This means, in most cases, that travelers between two cities with small airports and limited flights wind up saying ridiculously high airfares. But, that’s not always the case.
Some of these ridiculously high airfares are between major airports. For example, a regular business client called this week to make a day trip between Washington, D.C. and Pittsburgh, with three weeks advance purchase.
The distance between the cities is 183 air miles, about 245 highway miles and a four hour drive. The least expensive fare without a three-day or weekend stay, $993.00 round-trip, with a $150 change fee.
By comparison, another consistently expensive city pair, Detroit to Cincinnati, which is 229 air miles, is $854 round-trip for the same one-day round-trip.

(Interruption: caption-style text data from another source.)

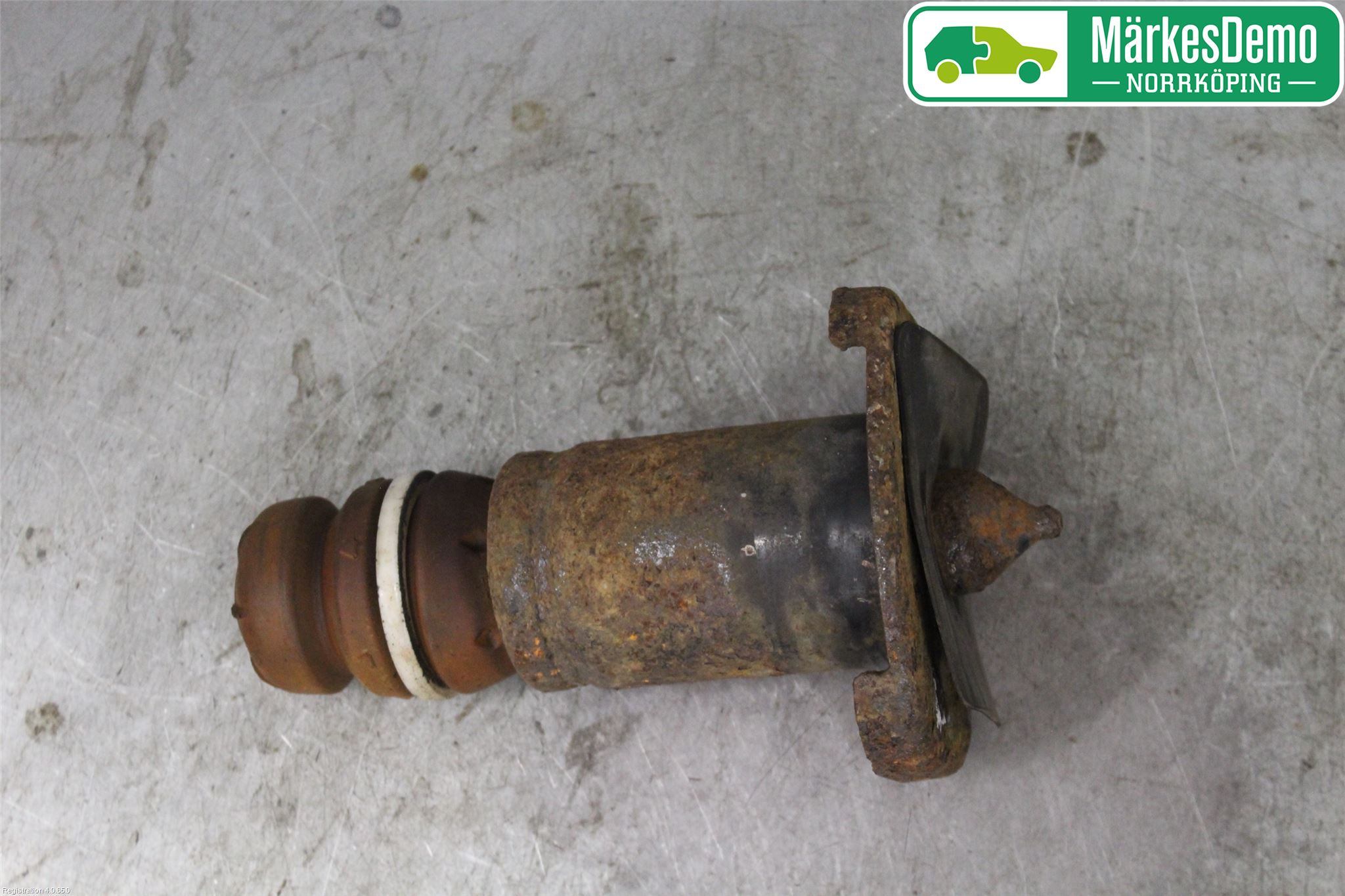 Ford MONDEO 07-15 Fjäderskål Bak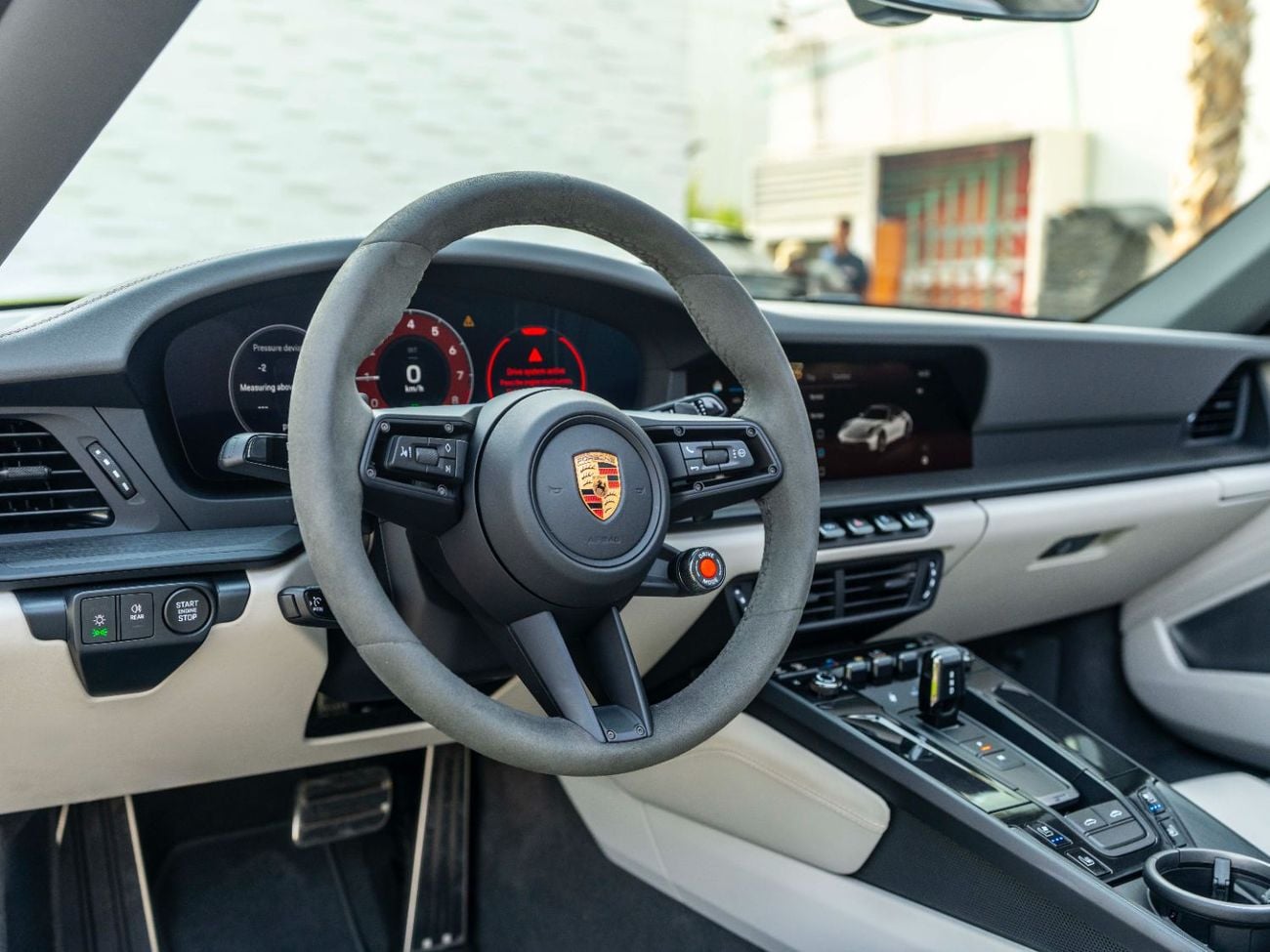 Porsche 911 Targa 4GTS 3.0L (450 HP)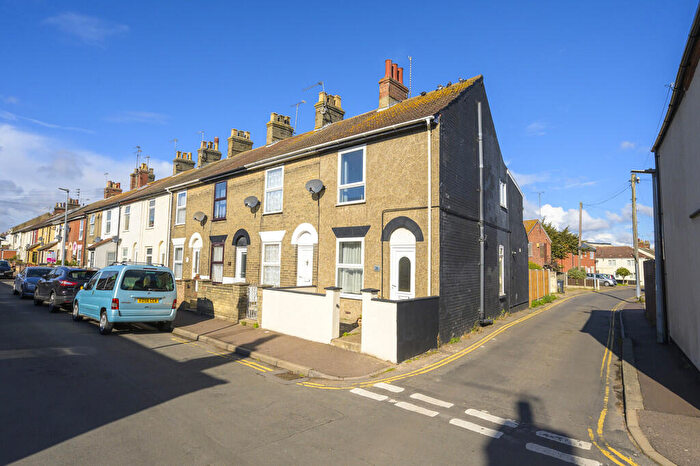 3 Bedroom End Of Terrace House To Rent In Lower Cliff Road, Gorleston, NR31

Then take a look at Chicago-Ohare to Cincinnati, 264 miles, that prices at $915 round-trip. (Cincinnati, as a Delta hub with little competition, consistently has high airfares.)
So what do these particular ridiculous fares have in common, other than no competition? They are just far enough apart to discourage business travelers from driving. For leisure travelers, fares between these cities aren’t great for longer stays, but they are considerably better.
In addition, these fares are all in markets not served by discount carriers like Southwest, or Jetblue. (For example, fares from Pittsburgh to Philadelphia dropped dramatically when Southwest entered the market, as did fares to many cities from Atlanta when Airtran arrived.)
As United completes their merger with Continental, more other city pairs no doubt will join the high-price competition. The same day round-trip fare between their Chicago-O’Hare and Houston-Intercontinental hubs, which are 925 miles apart is $948. (Although Southwest competes with fares that are less than half that price between Chicago-Midway and Houston-Hobby.)
There are several other major city-pairs in the overpriced “Hall of Shame.” The other inspiration for this post was a client who needed a nonstop between Dallas and Boston, a 1,562-mile trip, and the one-way fare was $1,023 for a ticket purchased a month in advance. (By comparison, the fare from San Francisco to Dallas, almost the same distance, is less than half the price.)
No doubt the airlines involved here will just say they are trying to make a profit in tough times. Fair enough. On the other hand, for anyone unlikely enough to need to travel between these and other cities, it can be more than frustrating.
If any readers have another city pair or two to nominate for the “most overpriced airfare in America,” please note them in comments.
First, venting is good catharsis. Second, discount carriers are always looking for new markets. And if a route looks like the airline equivalent of really low hanging fruit (i.e very easy to undercut prices,) then who knows, help may be on the way.